Le Festival du cinéma brésilien de Paris, dont la 22e édition se déroule en ligne jusqu’au 24 juin, célèbre les 40 ans de Bye Bye Brasil (1980), film majeur de Carlos Diegues qui vient, quant à lui, de fêter ses 80 ans, dont soixante passés derrière la caméra. Cette œuvre de fiction souvent drôle tire prétexte de la tournée d’une petite troupe de saltimbanques pour documenter, l’air de rien, la réalité du Nordeste et d’une Amazonie alors très peu connue du peuple brésilien.
Nurit Bensusan, à l’initiative de cette programmation anniversaire, était adolescente quand le film est sorti. Elle se souvient avoir découvert alors son propre pays, et entrevu des problématiques qui n’agitaient encore qu’un tout petit milieu : « Celles de la déforestation et de l’avenir des populations indigènes, qui restent aujourd’hui sans réponse, en dépit du fait que le Brésil a connu un processus de démocratisation, une nouvelle Constitution et toutes sortes d’avancées. » À l’heure où son pays traverse une période politique des plus sombres, aggravée par une crise sanitaire qui le frappe de plein fouet, fêter les 40 ans de Bye Bye Brasil lui a paru d’une importance capitale. L’occasion de rappeler un temps où l’espoir prévalait et de rendre hommage au cinéaste Carlos Diegues, qui nous raconte le film depuis le Brésil où il vit.
Pour voir le film, accéder à la page de Jangada VOD
Accessible en VOD sur le site du festival, Bye Bye Brasil pourra y être vu gratuitement le dimanche 21 juin. Merci à Katia Adler, directrice du festival, pour ce cadeau d’anniversaire et à Sylvia Bahri pour son aide linguistique.
Dans quel contexte politique avez-vous réalisé Bye Bye Brasil ?
C’était en 1979. Le général Geisel, au pouvoir depuis cinq ans, avait engagé une politique d’ouverture (« a abertura ») que le général Figueiredo allait bientôt poursuivre. Les opposants de gauche étaient amnistiés, la censure assouplie dans la presse comme dans le monde de la culture, y compris dans le cinéma. On ignorait encore quel Brésil verrait le jour sur les cendres de la dictature militaire et l’on ne savait pas quand cela surviendrait, mais une espèce d’énergie était dans l’air. L’espoir d’un changement profond était là. En témoignaient films et pièces de théâtre. Le projet de Bye Bye Brasil s’inscrit dans ce contexte très particulier, en se présentant comme une ode au Brésil à venir.

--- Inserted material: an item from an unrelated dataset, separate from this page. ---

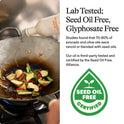 Algae Cooking Club Chef-Grade 100% Algae Cooking Oil - Avocado Oil Alternative - 535°F High Smoke Point - Omega-9 Rich, Neutral Buttery Flavor - Seed
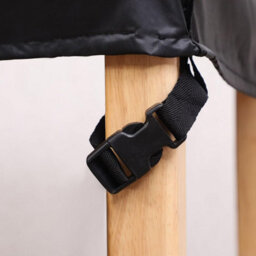 Black Waterproof Protective Cover For Garden Furniture, 213 132 74Cm, Table And Chairs - thumbnail 3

Comment l’avez-vous conçu ?
J’avais déjà beaucoup voyagé dans les États du Brésil et je connaissais bien les régions où j’ai tourné. En revanche, je ne savais pas ce que j’allais y trouver en m’y rendant avec mon équipe. Le scénario que j’avais écrit avec Leopoldo Serran décrivait très précisément le parcours de nos personnages principaux. Ce mélodrame sentimental en forme de road-movie constituait pour ainsi dire l’épine dorsale du film. Il permettait d’accueillir ce que le hasard des rencontres allait nous proposer. Dans un road-movie, ce qui survient au bord de la route importe parfois plus que ce qui se passe au centre de celle-ci.

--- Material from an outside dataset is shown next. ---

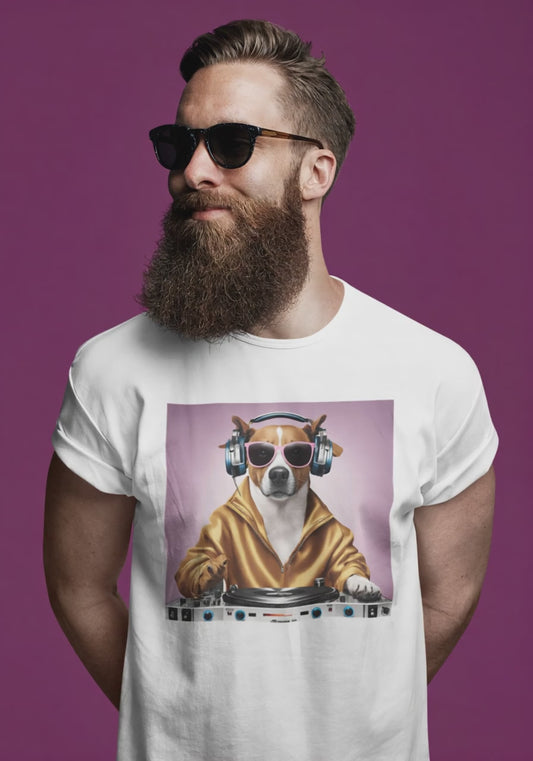 DJ Dawg Festival Unisex Short Sleeve Tee - Fun Pet Lover's T-Shirt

J’ai capté, pour l’intégrer au film, une partie de ce qui se présentait au fil du tournage, comme la vente des miracles, les Indiens sur la route, l’histoire racontée par le chauffeur du poids lourd, la fascination exercée par la télévision sur les populations, l’endroit où le jeune couple va s’installer à Brasilia à la fin du film… Autant de choses qui n’étaient pas présentes dans le scénario.